Natural Frequency: The frequency of free oscillation under no-load conditions.

NEMA: National Electrical Manufacturers Association

NIST (National Institute for Standards and Technology): An agency of the federal government to which all precision measurements are traceable. Formerly the National Bureau of Standards (NBS)

Non-linearity: The maximum Deviation of the Calibration Curve from a straight line drawn between the no-load and Rated Load outputs, expressed as a percentage of the Rated Output and measured on increasing load only.

Non-repeatability: The maximum difference between transducer output readings for repeated loadings under identical loading and environment conditions.

NTEP (National Type Evaluation Program): A program of cooperation between the National Conference On Weights & Measures, NIST, state weights and measures officials and the private sector for determining conformance of weighing equipment with the provisions of H-44.

OEM (Original Equipment Manufacturer): A manufacturer who produces equipment for use or inclusion by another manufacturer in its product.

Operating Temperature: The extremes of temperature within which the transducer will operate without permanent adverse change to any of its performance characteristics.

Output: The signal (voltage, current, pressure, etc.) produced by a load cell. Where the output is directly proportional to excitation, the signal must be expressed in terms such as Volts per Volt, Millivolts per Volt, or Volts per Ampere, etc., of excitation.

Primary Axis: The axis along which the transducer is designed to be loaded; normally its geometric centerline.

Rated Load (Rated Capacity): The maximum Axial Load that the transducer is designed to measure within its specifications.

Rated Output: The signal (voltage) produced by the transducer; the algebraic difference between the Outputs at no-load and at Rated Load.. Where the output is directly proportional to excitation, the signal is expressed in terms of millivolts / volt (mV/V) of excitation.

Reference Standard: A force-measuring device whose characteristics are precisely known relative to a primary standard.

Repeatability: The maximum difference between load cell output readings for repeated loadings under identical loading and environmental conditions; the ability of an instrument, system, or method to give identical performance or results in successive instances. Also called reproducibility or repeatability.

Resistance: Opposition to current flow offered by a purely resistive component; simple opposition to current flow. Measured in ohms.

Resolution: The smallest change in mechanical input which produces a detectable change in the output signal.

Safe Overload: The maximum, temporary or accidental load in percent of Rated Capacity which can be applied without producing a permanent shift in performance characteristics beyond those specified.

Sensitivity: The ratio of the change in output to the change in mechanical input.

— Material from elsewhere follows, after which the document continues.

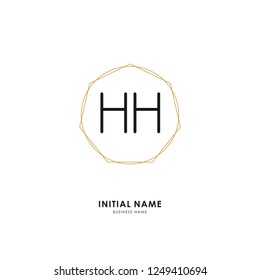 H H HH Initial logo letter with minimalist concept. Vector with scandinavian style logo.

Shunt Calibration: Electrical simulation of transducer output by insertion of known shunt resistors between appropriate points within the circuitry.

Span: The difference between the highest value and the lowest value.

Strain Gauge: A device for detecting the strain that a certain force produces on a body. The gauge consists of one or more fine wires cemented to the surface under test. As the surface becomes strained, the wires stretch or compress, changing their resistance. Several strain gauges are used to make up a load cell.

Tare: The weight of an empty container or vehicle, or the allowance or deduction from gross weight made on account thereof.

Terminal Resistance, Input (Excitation): The resistance of the load cell circuit measured at the excitation terminals at standard temperature with no load applied and with the output (signal) terminals open-circuited.

Terminal Resistance, Output (Signal): The resistance of the load cell circuit measured at the output signal terminals at standard temperature with no load applied and with the excitation terminals open-circuited.

Tolerance: The amount of error that is allowed in a value. It is usually expressed as a percent of nominal value, plus or minus so many units of measurement.

Transducer: A device that converts energy from one form to another.